Below is my working sample scala code. I am trying to achieve same with the help of python on pyspark.
import test.Transformation
import test.GeneralPreHook
sc.addJar("/navi/Transformer.jar")
GeneralPreHook.config(sc.hadoopConfiguration)
val params = sc.hadoopConfiguration.get("params")
val file = sc.textFile("adl://xxxxx.azuredatalakestore.net/navi/test.txt")
val output = file.flatMap(line => line.split("\n")).map{word =>
val transformer = new Transformation(params)
transformer.decryptString(word)
}
output.saveAsTextFile("adl://xxxxx.azuredatalakestore.net/navi/Out")
Here is the python sample code, which I am trying to execute through pyspark.
Open pyspark shell with below parameters.
pyspark --jars /navi/Transformer.jar --master yarn
from pyspark import SparkContext
#Add required jar files to distributed cache which can be used by slave nodes
sc._jsc.addJar("/navi/Transformer.jar")
sc._jvm.test.Transformation.setParams(params)
# Create a RDD of the input file.
file = sc.textFile("adl://xxxxx.azuredatalakestore.net/navi/test.txt")
#5. Split each line to tokens, transform input tokens in map class
output=file.flatMap(lambda line: line.split(",")).map(lambda line : sc._jvm.test.Transformer.transformStatic(line))
#Save results(the task directory should be cleaned first)
output.saveAsTextFile("adl://xxxxx.azuredatalakestore.net/navi/Out")
#Alternatively, we can display the results directly
output.collect()
While collecting or saving the results to the output file, I am getting below errors :-
pickle.PicklingError: Could not serialize object: Exception: It appears that you are attempting to reference SparkContext from a broadcast variable, action, or transformation.
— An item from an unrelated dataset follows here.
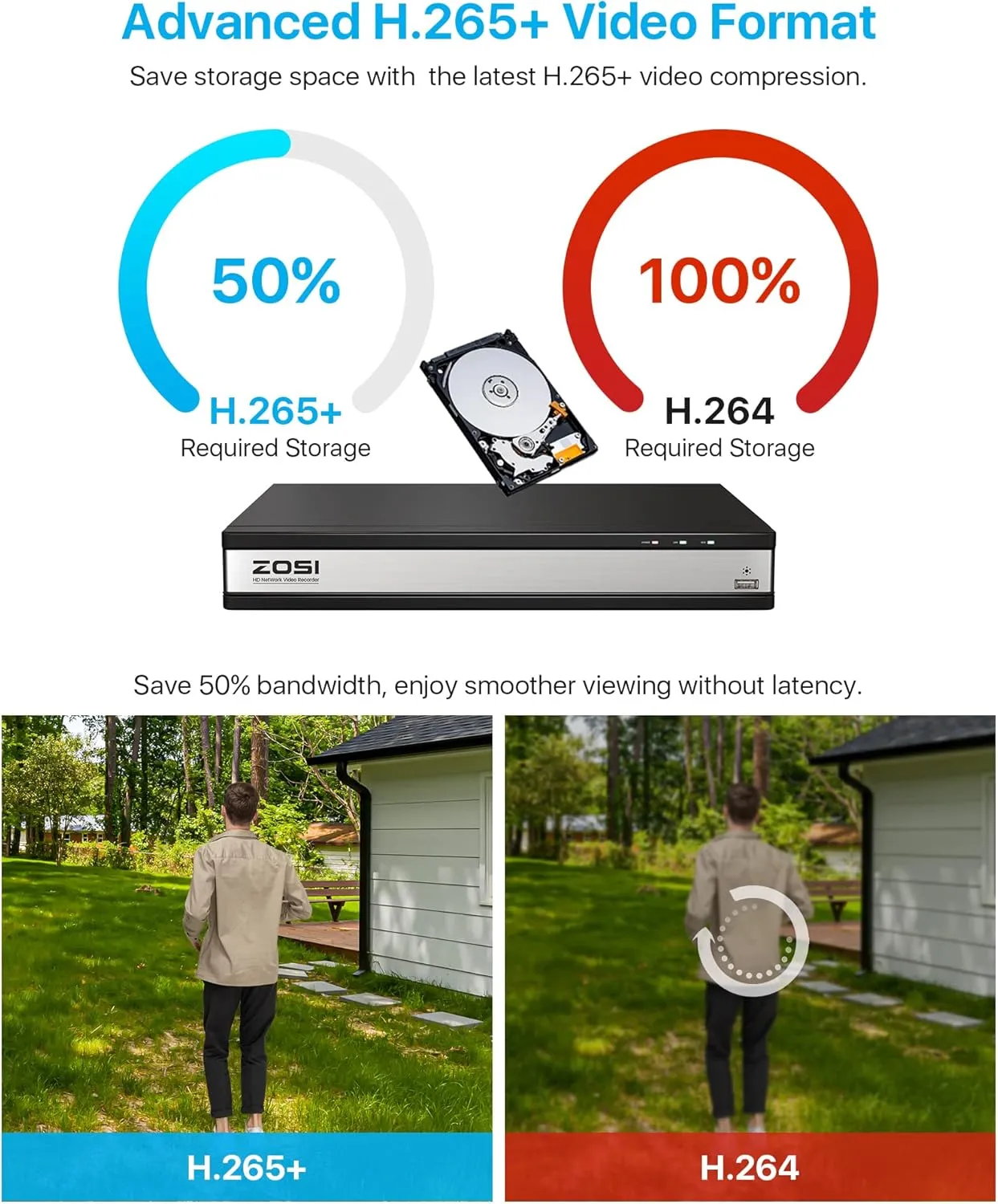 ZOSI 16Channel 4K PoE Home Security Cameras System,8MP 16CH H.265 CCTV NVR with Hard Drive 4TB and 16 x 5MP Surveillance PoE IP Cameras Indoor Outdoor,120ft Night Vision,Remote Access,24/7 Recording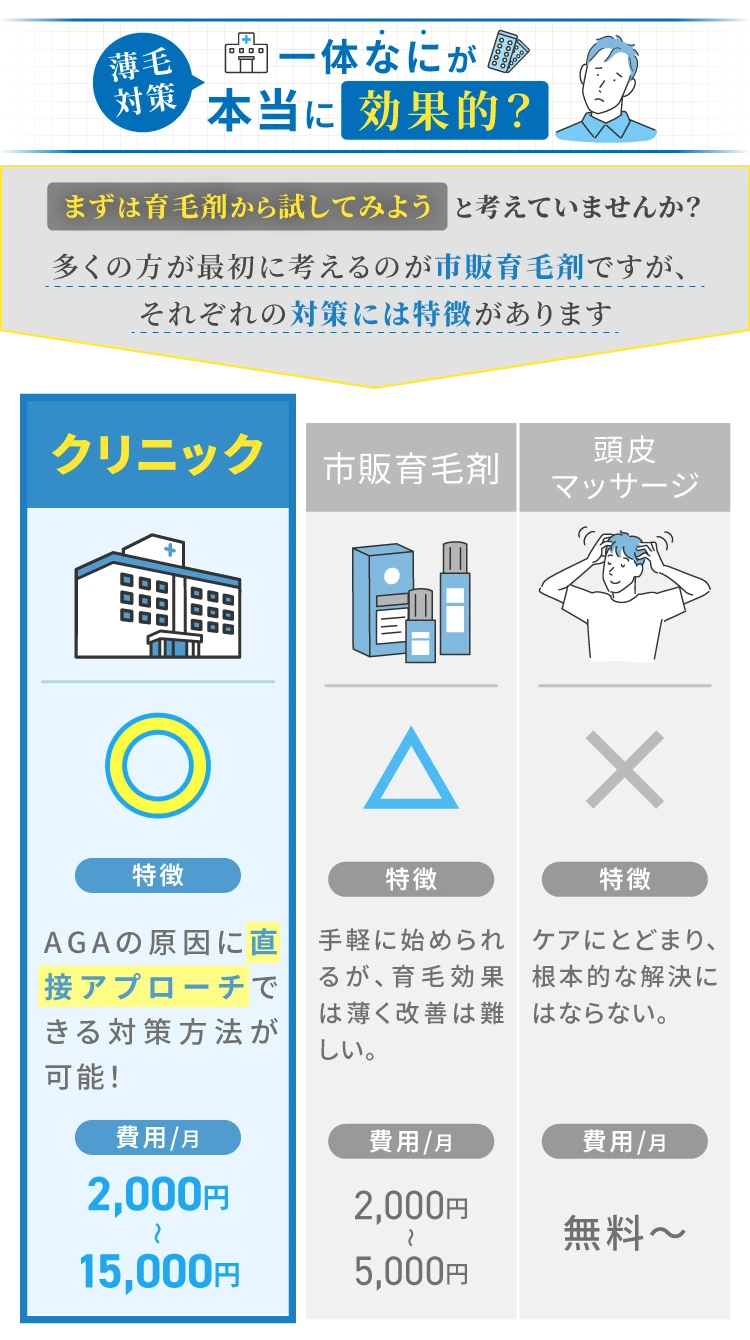 一体なにが本当に効果的？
SparkContext can only be used on the driver, not in code that it run on workers. For more information, see SPARK-5063.
I googled it a lot but didn't get any luck to resolve this issue. However, similar code is executed perfectly with scala. Any other way out to use the java function within the map ?
Any help on this would be greatly appreciated. Thanks in advance!